CDN Edge Node Failures

CDNs route users to the geographically nearest edge node via anycast DNS or latency-based routing. Each edge node is an independent server (or cluster). If one edge node fails or serves stale/broken content, only users routed to that specific node are affected. Users routed to other nodes see a perfectly working site.

I once debugged an issue where a CDN edge node in Singapore was serving a cached 502 error page. Users in Southeast Asia saw an error page. Users in Europe and North America saw the site working normally. Our monitoring, running from a single location in Virginia, reported 100% uptime for the entire duration. It was not until a customer in Malaysia sent a screenshot that we even knew there was a problem.

Multi-location monitoring is the only way to catch this class of failure. If UptyBots checks from Singapore and gets an error while the check from Virginia succeeds, you know immediately that a specific CDN edge is the problem.

TCP Connection Pool Exhaustion

Application servers maintain connection pools for databases, Redis, external APIs, and internal microservices. Each pool has a maximum size (e.g., 20 PostgreSQL connections, 50 Redis connections). Under normal load, connections are reused: a request grabs a connection from the pool, uses it, and returns it. At peak load, all connections are in use. New requests wait in a queue. If the queue fills up, requests start failing with "connection pool exhausted" or "too many connections" errors.

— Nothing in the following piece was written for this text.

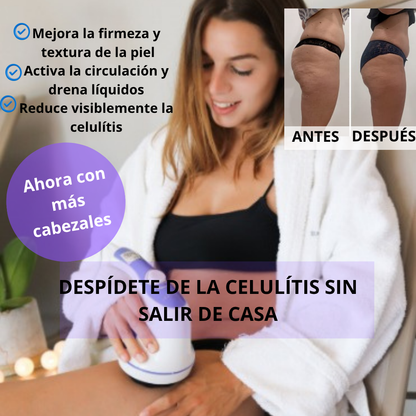 Masajeador 4 en 1 - Despídete de la Celulitis en Menos de 20 Minutos al Día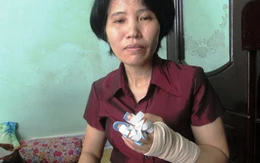 Người phụ nữ cầm dao chém đứt lìa 2 ngón tay hàng xóm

The timing pattern is characteristic: load builds gradually, connection pool utilization climbs from 50% to 80% to 95%, then crosses 100% and requests start failing. The failure period lasts until load decreases (users give up, traffic subsides naturally) or until the pool recovers (slow queries finish and return connections). This entire cycle might last 20-60 seconds.

From a monitoring perspective, response time is the leading indicator. UptyBots tracks response time for every check. A normal response time of 200ms that suddenly spikes to 5000ms is a clear signal that the server is under pressure, even if the status code is still 200. By the time the status code changes to 503 or 504, the problem has been building for a while.

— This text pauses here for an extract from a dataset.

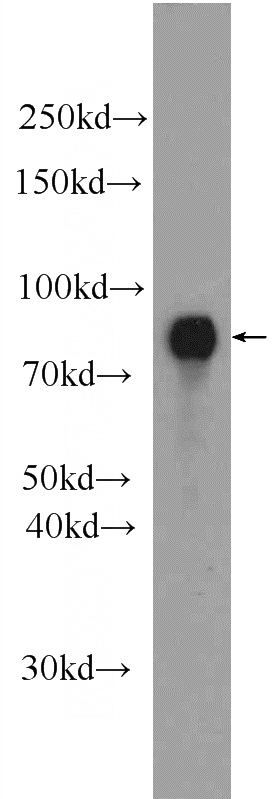 mouse brain tissue were subjected to SDS PAGE followed by western blot with Catalog No:114220(ProSAPiP1 Antibody) at dilution of 1:600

SSL/TLS Certificate Chain Issues

TLS certificate chain issues create one of the most confusing intermittent failures. Your server sends its leaf certificate, but fails to include intermediate certificates in the chain. Some clients work fine because they have cached the intermediate certificate from a previous connection (or the intermediate is in their local trust store). Other clients, making their first connection, cannot build a chain of trust and fail with a TLS handshake error.

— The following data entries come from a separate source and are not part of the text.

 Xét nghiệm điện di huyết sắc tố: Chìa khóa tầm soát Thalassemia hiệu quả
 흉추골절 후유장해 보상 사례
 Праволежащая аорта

The result: existing users with cached intermediates browse the site normally. New visitors or users who cleared their browser data get SSL errors. Mobile browsers are particularly susceptible because they often have smaller certificate caches than desktop browsers.

This type of failure is invisible to basic HTTP monitoring because the monitoring probe might also have cached the intermediate. Dedicated SSL monitoring that validates the full certificate chain, including intermediate certificate delivery, catches this before users report it. UptyBots's SSL checks validate the entire chain, not just expiration dates.

Memory Leaks and Garbage Collection Storms

Memory leaks create a sawtooth pattern: memory usage climbs gradually over hours or days, hits a critical threshold, and then either the application crashes (triggering a restart by a process manager) or the garbage collector runs a major collection that freezes the process for 0.5-5 seconds. During a GC pause, the server stops processing requests entirely. New TCP connections queue in the kernel's listen backlog. If the pause is long enough, the proxy times out and returns 502 or 504.

The GC pause pattern is particularly hard to catch with infrequent monitoring because the pauses are short (1-5 seconds) and happen at unpredictable intervals. But they happen regularly enough that users notice: "the site freezes for a second every few minutes." With 1-minute monitoring, you might catch one of these pauses every hour. With response time tracking, you can observe the gradual increase in response time that precedes the crash/restart cycle.

Configuring UptyBots to Catch Intermittent Issues

Step 1: Set 1-Minute Check Intervals for Critical Endpoints

Your homepage, login page, checkout page, and primary API endpoints should be checked every 60 seconds. The math is simple: a 1-minute interval guarantees detection of any outage lasting 60 seconds or longer. Combined with multi-location checks, you catch most outages lasting 20 seconds or more.

Do not check everything at 1-minute intervals. Static asset pages, blog posts, and low-traffic endpoints can use 3-minute or 5-minute intervals without significant risk. Prioritize the paths where failures directly cost you money or users.

Step 2: Enable Multi-Location Checks

Each monitoring location runs its own independent check on its own DNS resolver through its own network path. Three locations checking every minute means three independent samples per minute. This increases detection probability for short outages and catches geographically localized failures (CDN edge problems, regional network outages, DNS propagation inconsistencies) that single-location monitoring cannot see.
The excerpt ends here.